Every line of the listing below is to be duplicated exactly, with the pictures left out.

------ DATASET ENTRIES ------

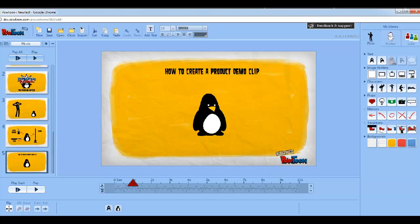Hello Poketurnists, welcome to our how-to videos. We will start with showing you how to create a product demo clip, but before we start messing around with the tool, we have to start with the script, because that's the baseline for every presentation or video clip.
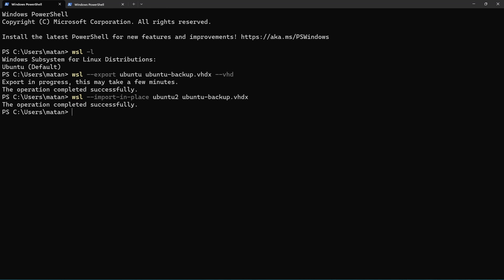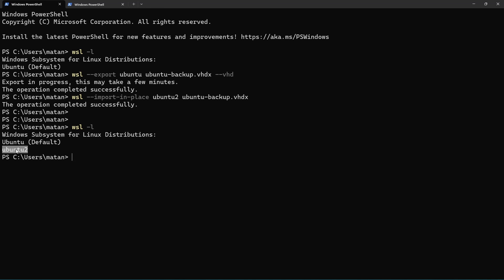And let's list our distros now, and we can see that we now have Ubuntu 2, which is basically a clone of Ubuntu.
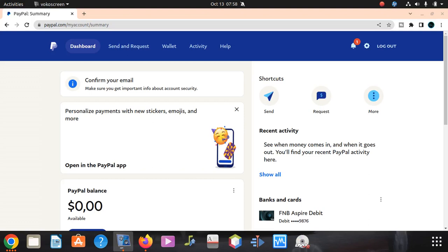Hi everyone, welcome to our new video. Today we're going to learn how to put a new donation button on your PayPal.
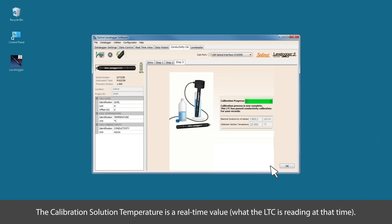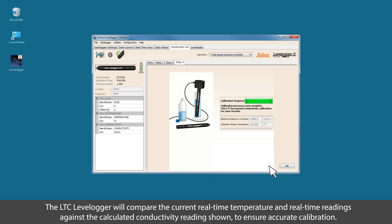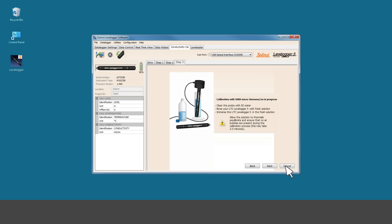The calibration solution temperature is a real-time value. Another value is what the LTC is reading at that time. The electrical conductivity of solution is a calculated value, which is based on the real-time temperature of the solution, the temperature coefficient that was entered in step one, and the calibration solution that was selected in step two. The LTC level logger will compare the current real-time temperature and real-time readings against the calculated conductivity reading shown and ensure accurate calibration.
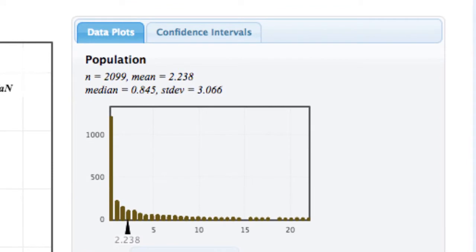In the original population, the mean was 2.238 million, with a standard deviation of 3.066 million. From the dot plot, we can see that the original population was strongly skewed to the right.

------

● THE ANSWER
Hello Poketurnists, welcome to our how-to videos. We will start with showing you how to create a product demo clip, but before we start messing around with the tool, we have to start with the script, because that's the baseline for every presentation or video clip.
And let's list our distros now, and we can see that we now have Ubuntu 2, which is basically a clone of Ubuntu.
Hi everyone, welcome to our new video. Today we're going to learn how to put a new donation button on your PayPal.
The calibration solution temperature is a real-time value. Another value is what the LTC is reading at that time. The electrical conductivity of solution is a calculated value, which is based on the real-time temperature of the solution, the temperature coefficient that was entered in step one, and the calibration solution that was selected in step two. The LTC level logger will compare the current real-time temperature and real-time readings against the calculated conductivity reading shown and ensure accurate calibration.
In the original population, the mean was 2.238 million, with a standard deviation of 3.066 million. From the dot plot, we can see that the original population was strongly skewed to the right.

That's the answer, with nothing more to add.